Really proves one thing. We as modern guitar players are SPOILED.


----------



## HyVriD (Jan 15, 2014)

bhakan said:


> What are the details of this test? Are all of them set to the same amp and settings and stuff? Because they all sound like they're dialed in pretty radically differently. Like 2 is really dark compared to 1 and 3 has way more gain and delay.
> 
> If they're all the same amp and settings, then this is a really interesting comparison because then they each have a very different take, but if not I feel like it's difficult to judge based on the fact that if you like brighter tones you'll prefer 1, even if 2 would sound better than one if you just added some treble.
> 
> Either way, I'm impressed by BIAS as none of them sound nearly as obviously worse as I would of expected from an app.
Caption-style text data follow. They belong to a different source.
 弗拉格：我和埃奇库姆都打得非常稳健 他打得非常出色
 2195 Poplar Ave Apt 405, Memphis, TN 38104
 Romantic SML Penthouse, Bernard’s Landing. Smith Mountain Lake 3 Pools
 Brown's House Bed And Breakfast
We used out of the box amp settings for all. The tweaking was little to none as the player in this case has never used any of the products, so he tried his best to match one to the other. However, if let's say, we used a fender profile for the kemper, we did the same for both the Axe and BIAS.

Sound is a vary vast topic to tackle. You listen to this video on studio speakers, is a totally different story to stock home ones. I can say I got decent ears, and they sounded identical with little fluctuations between products. Moreover, the studio owner (this was recorded in a 30,000 euro studio) kept switching from one sound to another, and I couldn't guess which one he was playing!
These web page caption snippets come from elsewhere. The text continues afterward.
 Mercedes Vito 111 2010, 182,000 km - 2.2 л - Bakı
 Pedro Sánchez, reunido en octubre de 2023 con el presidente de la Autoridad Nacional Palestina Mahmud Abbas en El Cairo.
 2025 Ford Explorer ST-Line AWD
P.S. I am ready for new ideas so that if I manage to do this test again, in different genres like 'shugah, as the other person wanted  I'd be more than happy to accommodate the viewer's needs


----------



## JohnIce (Jan 15, 2014)

HyVriD said:


> Sound is a vary vast topic to tackle. You listen to this video on studio speakers, is a totally different story to stock home ones. I can say I got decent ears, and they sounded identical with little fluctuations between products. Moreover, the studio owner (this was recorded in a 30,000 euro studio) kept switching from one sound to another, and I couldn't guess which one he was playing!



I guess they didn't spend the $30,000 on acoustic treatment then  Haha sorry couldn't help myself, thanks for a great video but they sure don't sound identical to me. And if they were identical they'd sound identical through Genelecs and iPad speakers alike, so how many euros went into the studio doesn't matter 

Differences aside I think the big point that the video is making is that either of the 3 products can produce equally useable guitar tones. I'm an Axe user since 2009 but I've been really impressed by Jamup/BIAS. It certainly beats anything else in the price range.


----------



## protest (Jan 15, 2014)

I looked into BIAS for the first time today, as I've messed around with Jamup a few times and liked it. 

BIAS reminds me of like an RPG for guitar players. It's like they said "You know how you always make yourself in Madden? Lets do that with amps."


----------



## Steinmetzify (Jan 15, 2014)

This is revelant to my interests, aa an avid JamUp/BIAS user who's never touched an Axe or Kemper but always wanted to compare.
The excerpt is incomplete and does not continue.